Scraped caption text data -
- - -
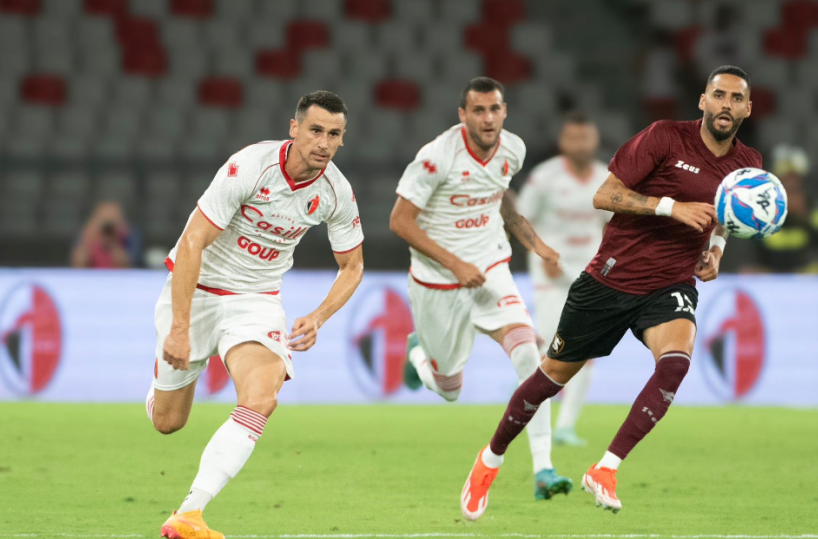 bari calcio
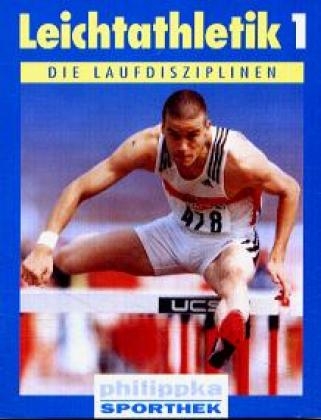 Leichtathletik - Joachim Schweer, Frank Möller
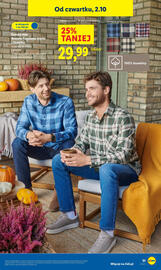 Lidl gazetka tydzień 40 Strona 41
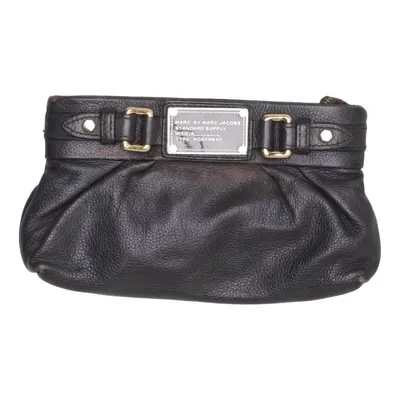 Skuldertaske (Supply) fra Marc by Marc Jacobs Læder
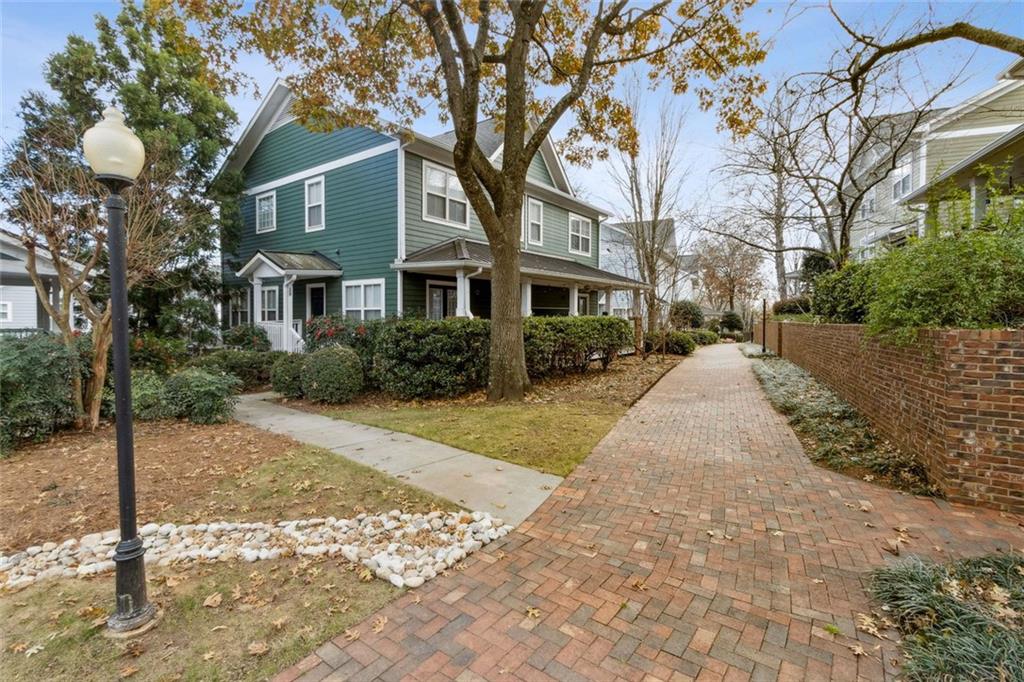 279 Carlyle Park Drive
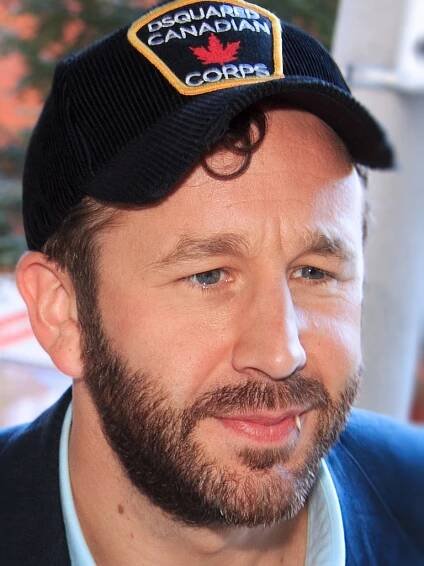 Chris O’Dowd – Wikipedia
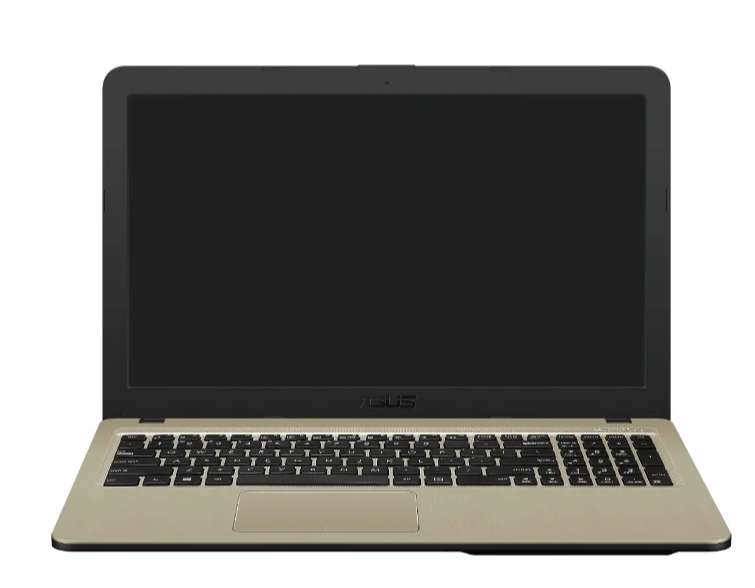 Ноутбук ASUS VivoBook X540YA-DM624D (15.6"/1920x1080/4GB/500GB)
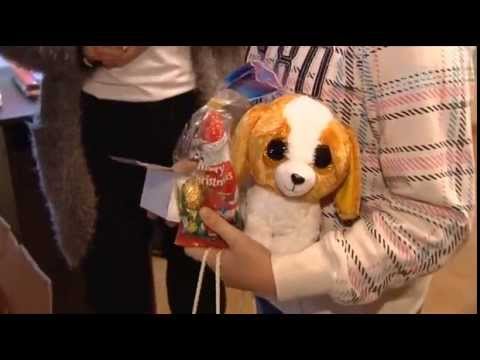 Piękne Anioły znowu dają o sobie znać :)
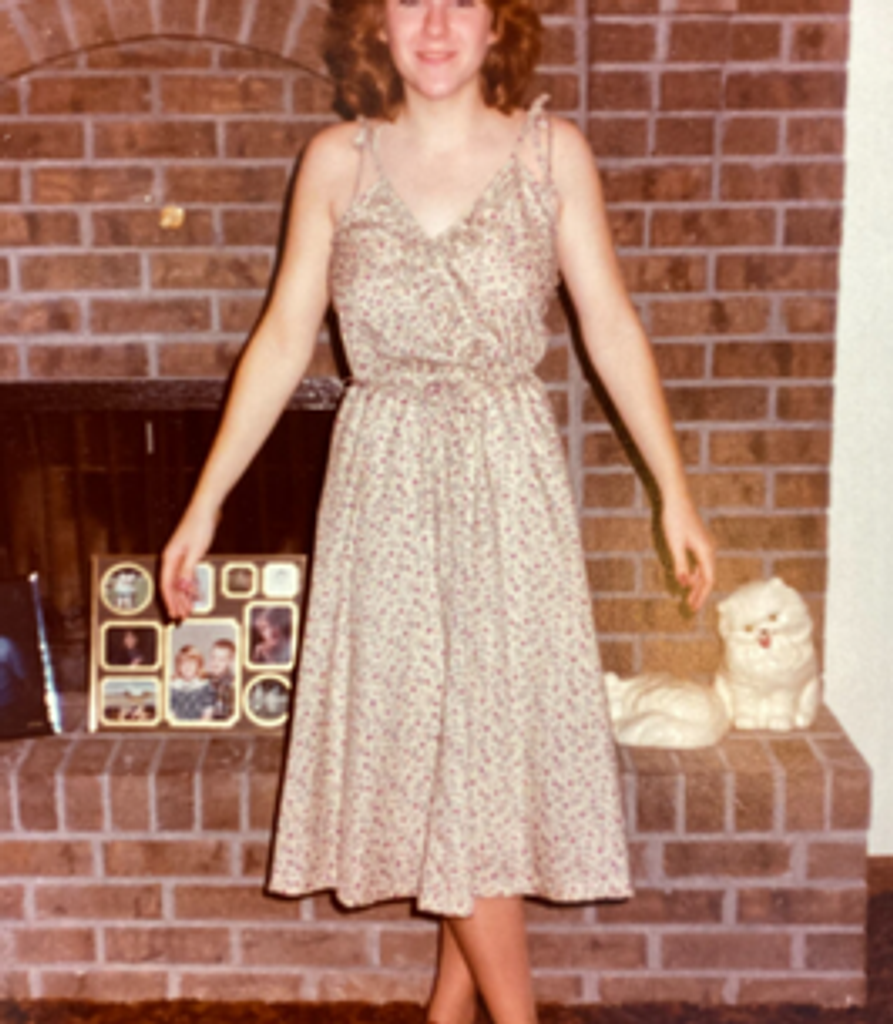 Lisa Sagley
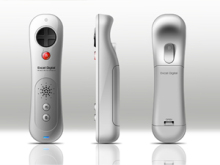 2.4G Remote Control / Mouse Remote Control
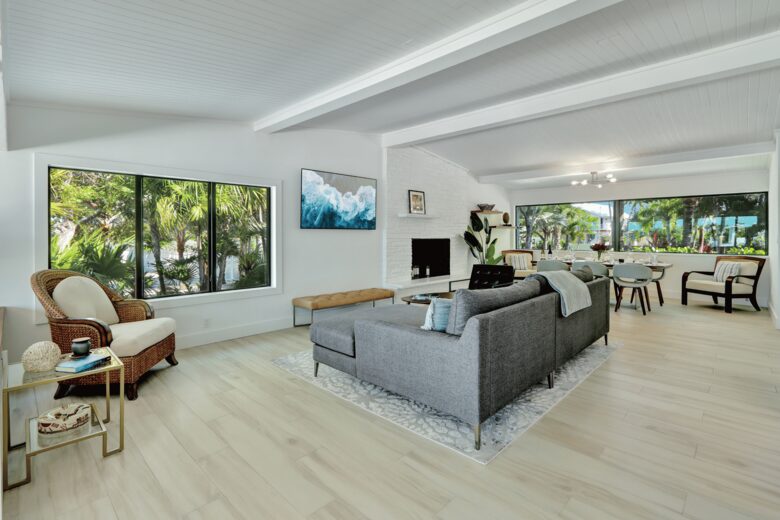 Gulfside Retreat - Marathon, Florida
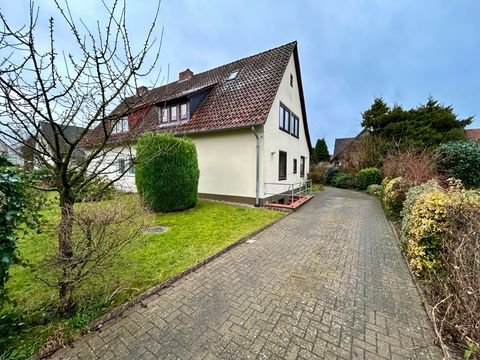 Walsrode Häuser, Walsrode Haus kaufen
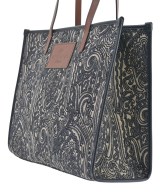 ETRO（エトロ）トートバッグ ベージュ サイズ:- レディース/2200619766030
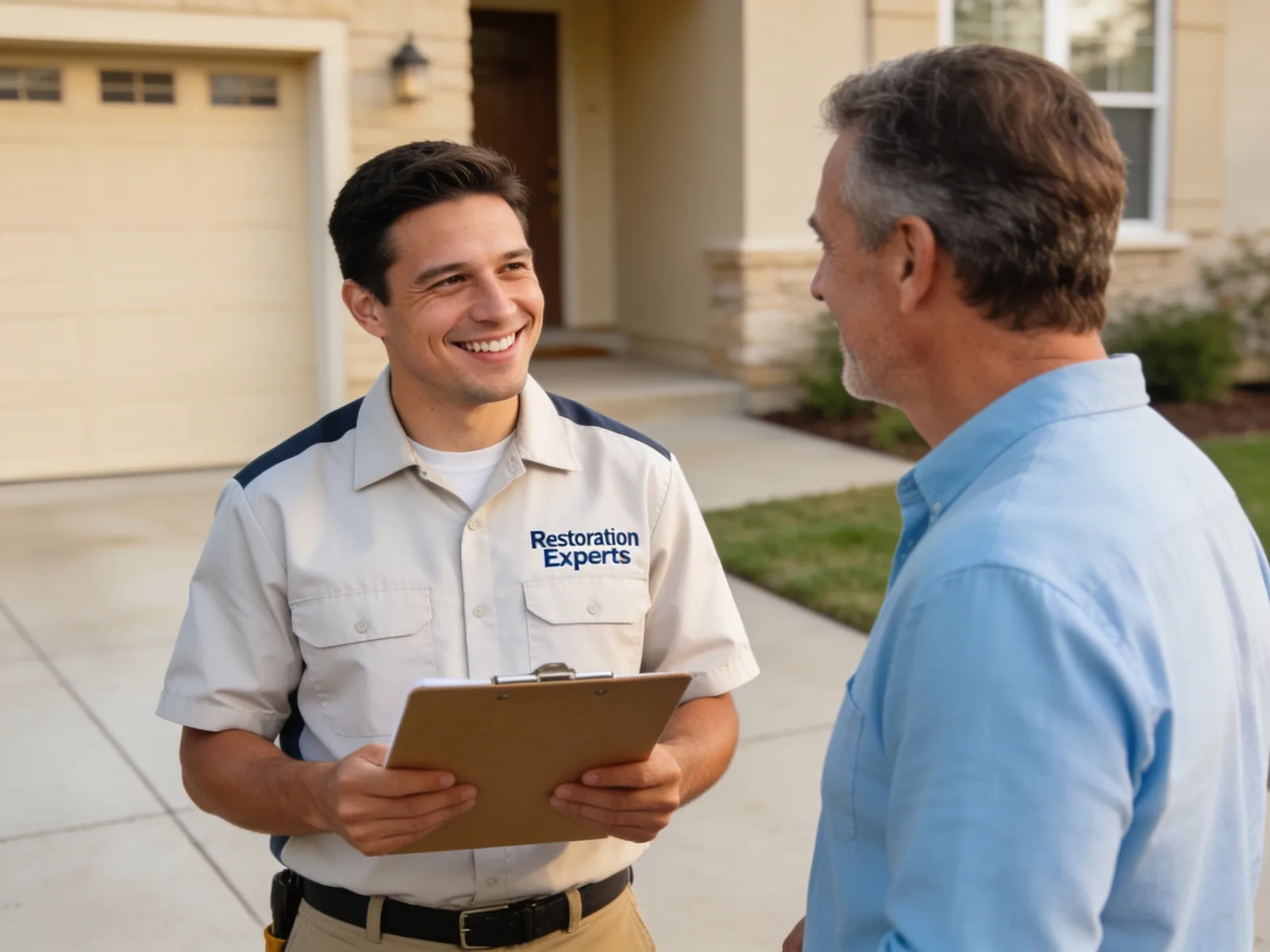 Water Damage Cleanup Plankinton, SD FAQs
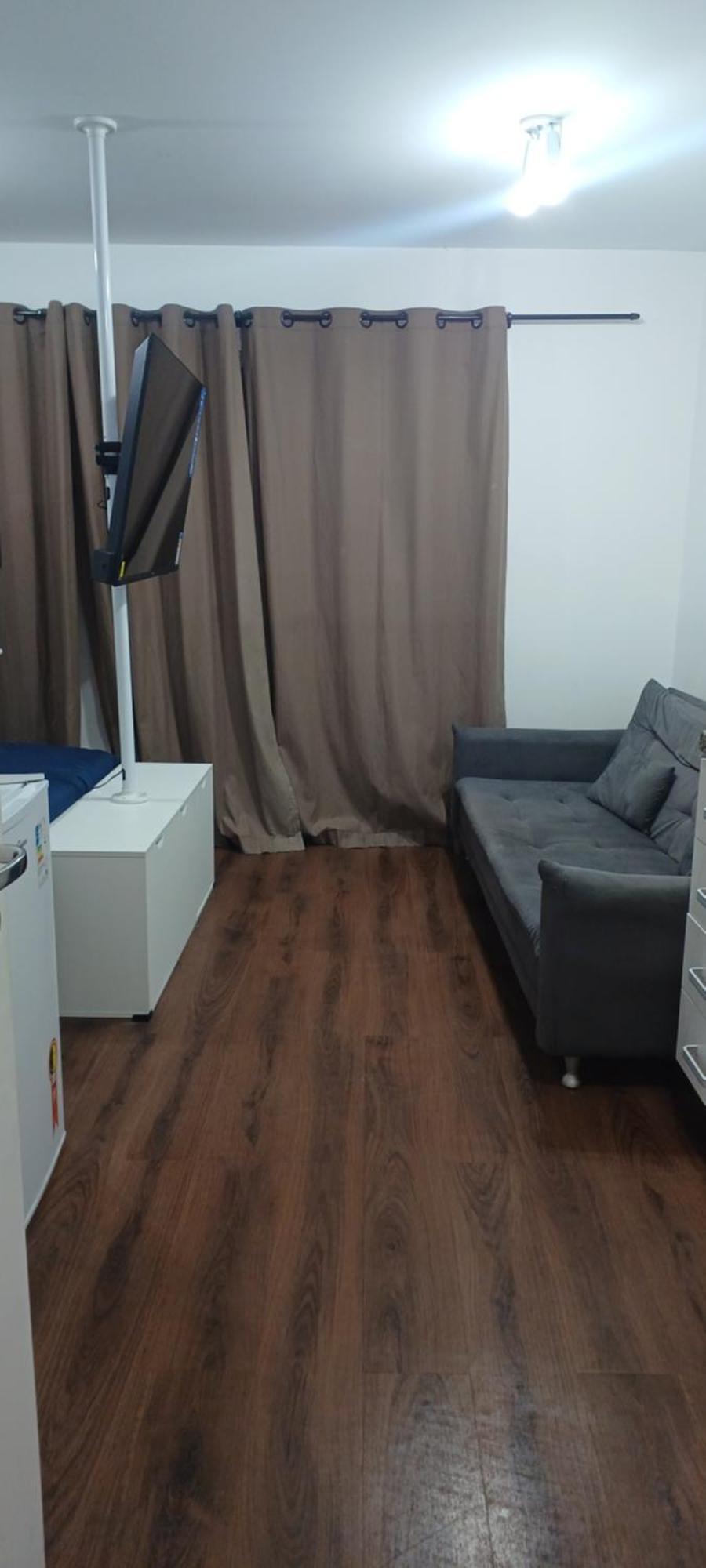 Privativo E Moderno Apartment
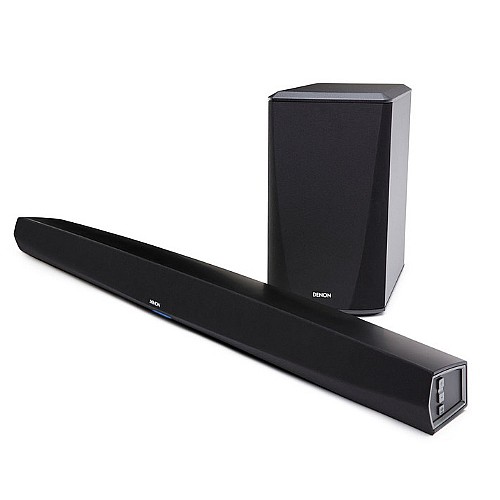 ���� ��� ���� DENON ���� ��� DHT-S516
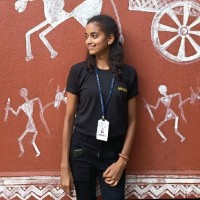 Swati Chadichal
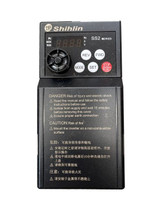 Santint G360 Inverter - Shilin 0.75Kw (Product Code: G360)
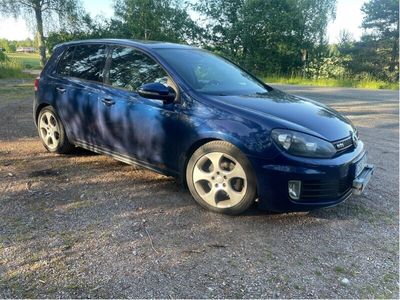 VW Golf VI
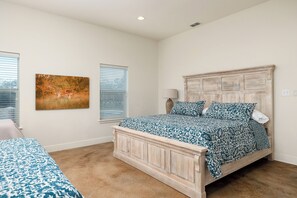 12 soverom, wi-fi og sengetøy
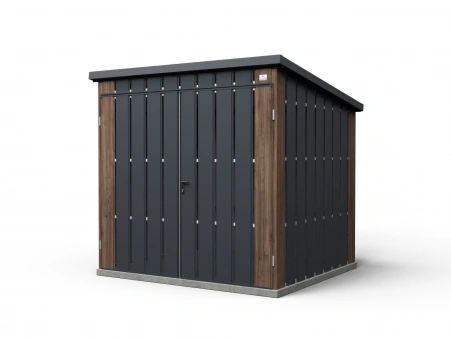 Box per rifiuti 21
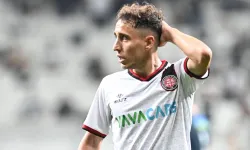 Fatih Karagümrük Emre Mor İle Anlaştı Mı, İmza Attı Mı?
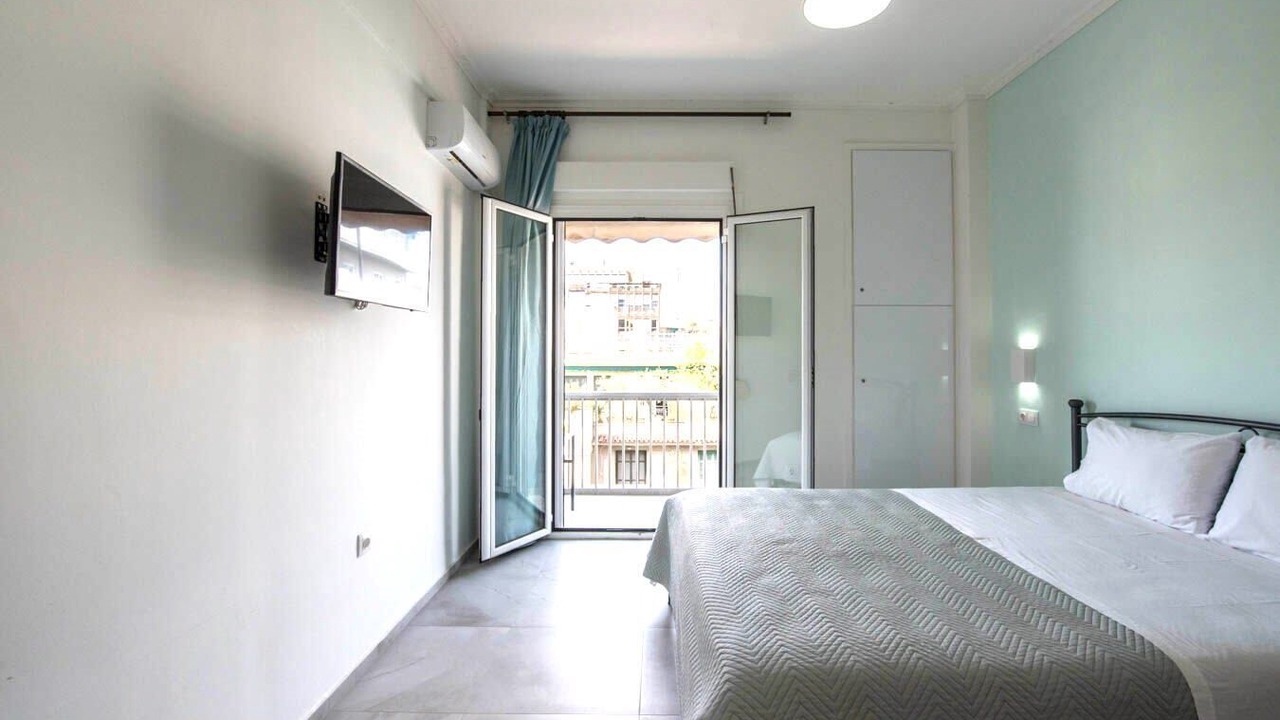 Photo of Bedroom in Omonia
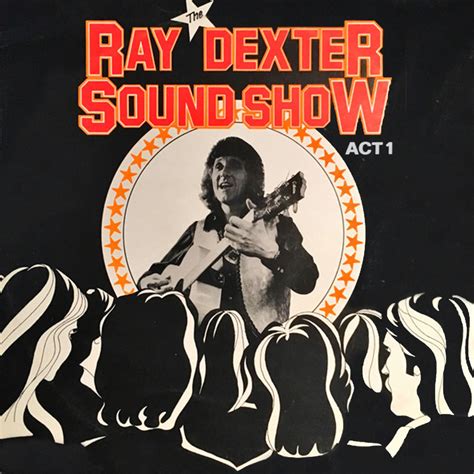 Ray Dexter:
- - -
All entries above, minus the pictures, should be repeated exactly.

 bari calcio
 Leichtathletik - Joachim Schweer, Frank Möller
 Lidl gazetka tydzień 40 Strona 41
 Skuldertaske (Supply) fra Marc by Marc Jacobs Læder
 279 Carlyle Park Drive
 Chris O’Dowd – Wikipedia
 Ноутбук ASUS VivoBook X540YA-DM624D (15.6"/1920x1080/4GB/500GB)
 Piękne Anioły znowu dają o sobie znać :)
 Lisa Sagley
 2.4G Remote Control / Mouse Remote Control
 Gulfside Retreat - Marathon, Florida
 Walsrode Häuser, Walsrode Haus kaufen
 ETRO（エトロ）トートバッグ ベージュ サイズ:- レディース/2200619766030
 Water Damage Cleanup Plankinton, SD FAQs
 Privativo E Moderno Apartment
 ���� ��� ���� DENON ���� ��� DHT-S516
 Swati Chadichal
 Santint G360 Inverter - Shilin 0.75Kw (Product Code: G360)
 VW Golf VI
 12 soverom, wi-fi og sengetøy
 Box per rifiuti 21
 Fatih Karagümrük Emre Mor İle Anlaştı Mı, İmza Attı Mı?
 Photo of Bedroom in Omonia
 Ray Dexter:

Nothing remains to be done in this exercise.